Noncooperative Cellular Wireless with Unlimited Numbers of Base Station Antennas
TL;DR: A cellular base station serves a multiplicity of single-antenna terminals over the same time-frequency interval and a complete multi-cellular analysis yields a number of mathematically exact conclusions and points to a desirable direction towards which cellular wireless could evolve.

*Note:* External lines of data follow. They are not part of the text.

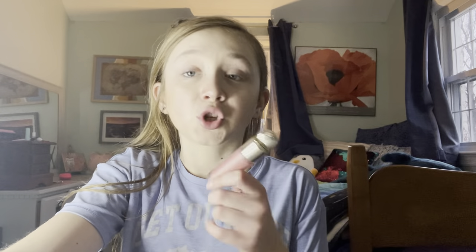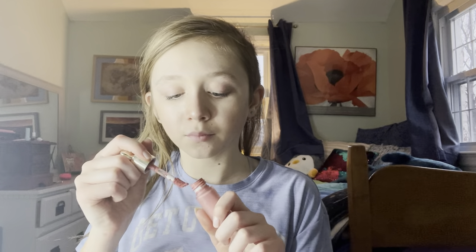Now I'm going in with the Rare Beauty blush in the shade Bliss, I think. I have a super specific way of doing it — there's so much product on the end so I just scrape it off like that, do some dots, and I can do way more dots now. The blush is so pretty! My hair looks disgusting so I think I'll just put it up in a claw clip later, but the blush looks good.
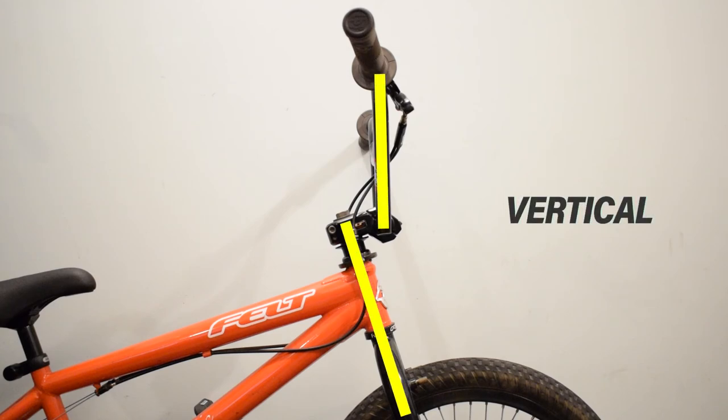Vertical Position — it will be a perfect position if you find your bike a little too small. It strengthens the front end while also giving you good balance, good steering, and good power.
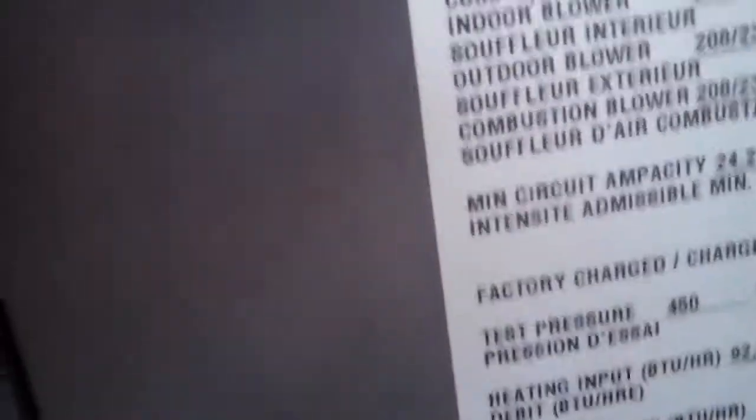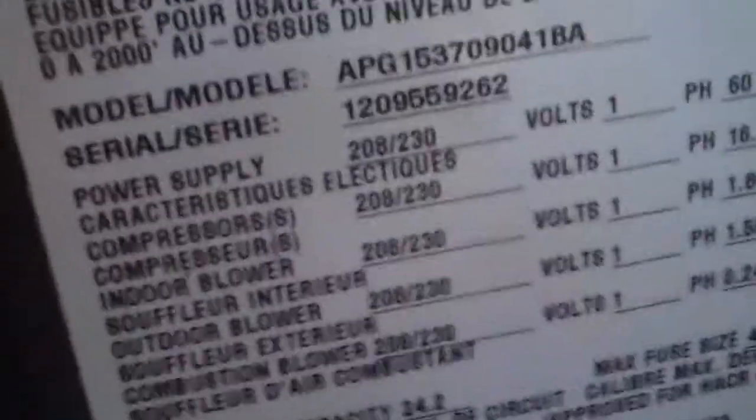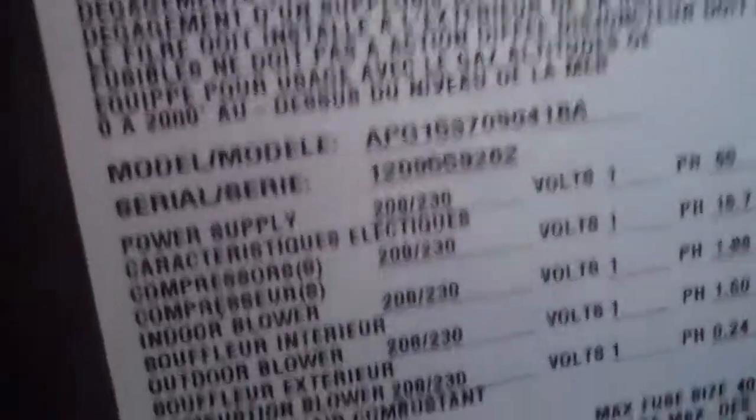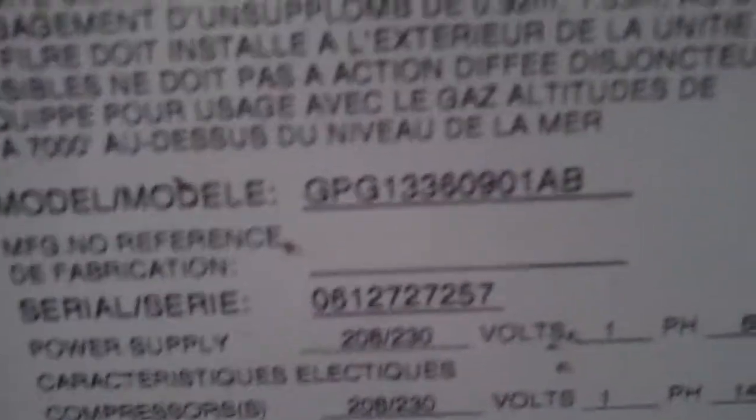The Amana's model number is APG-153709041BA, serial number 1209-559262. This unit's a Goodman. The Goodman's model number is GPG-13360901AB, serial number 061-2727-257.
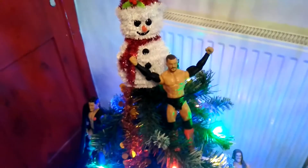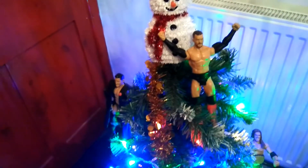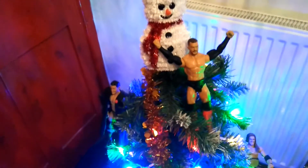What's up guys, DynamiteFigs here and today I'm showing you my WWE Christmas tree. This is my actual Christmas tree, it's one of the small Christmas trees, but I decorated it with some WWE figures so I hope you like it.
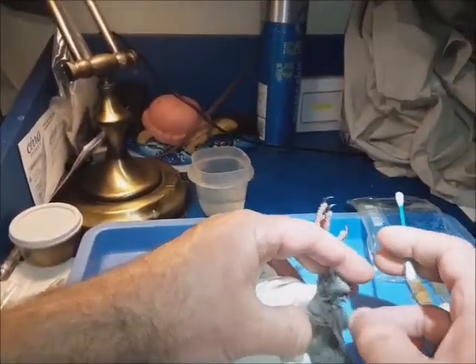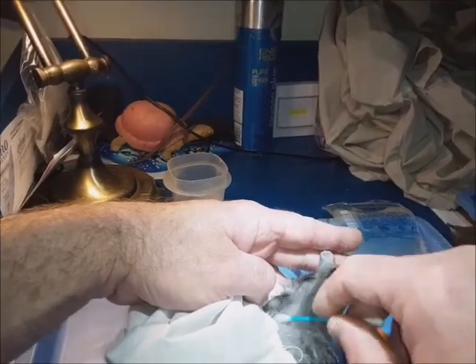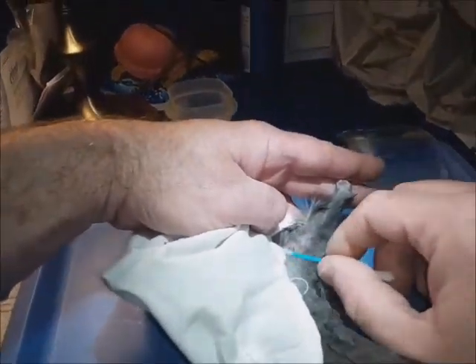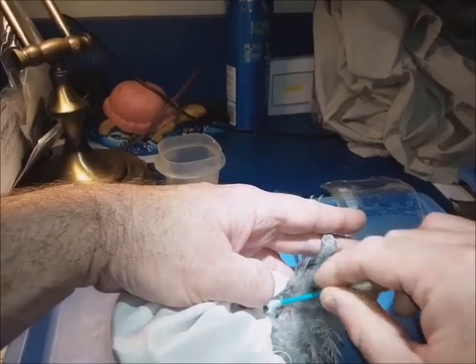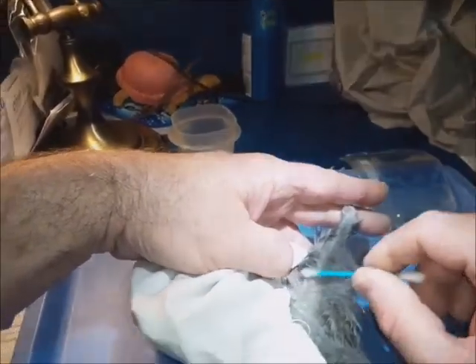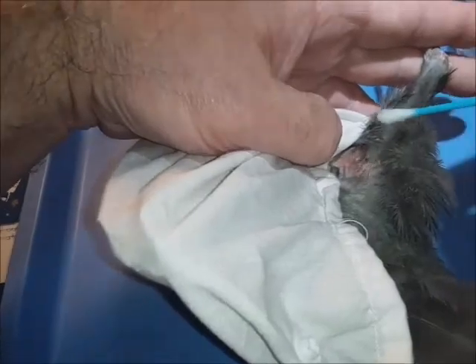It helps to have a helper, a second person to hold the pigeon. You see, if you dampen the feathers, they clump together and it's easier to pull them out of the way so you can see the skin.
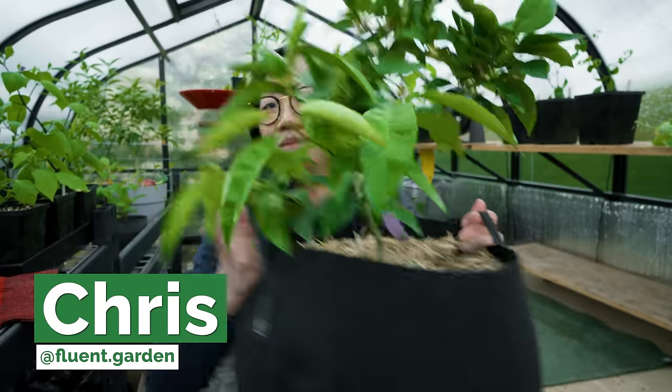So I'm going to toss it up to Chris in Vancouver, BC to give you everything you need to know to understand, prevent and control spider mites.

Abstract: A cellular base station serves a multiplicity of single-antenna terminals over the same time-frequency interval. Time-division duplex operation combined with reverse-link pilots enables the base station to estimate the reciprocal forward- and reverse-link channels. The conjugate-transpose of the channel estimates are used as a linear precoder and combiner respectively on the forward and reverse links. Propagation, unknown to both terminals and base station, comprises fast fading, log-normal shadow fading, and geometric attenuation. In the limit of an infinite number of antennas a complete multi-cellular analysis, which accounts for inter-cellular interference and the overhead and errors associated with channel-state information, yields a number of mathematically exact conclusions and points to a desirable direction towards which cellular wireless could evolve. In particular the effects of uncorrelated noise and fast fading vanish, throughput and the number of terminals are independent of the size of the cells, spectral efficiency is independent of bandwidth, and the required transmitted energy per bit vanishes. The only remaining impairment is inter-cellular interference caused by re-use of the pilot sequences in other cells (pilot contamination) which does not vanish with unlimited number of antennas.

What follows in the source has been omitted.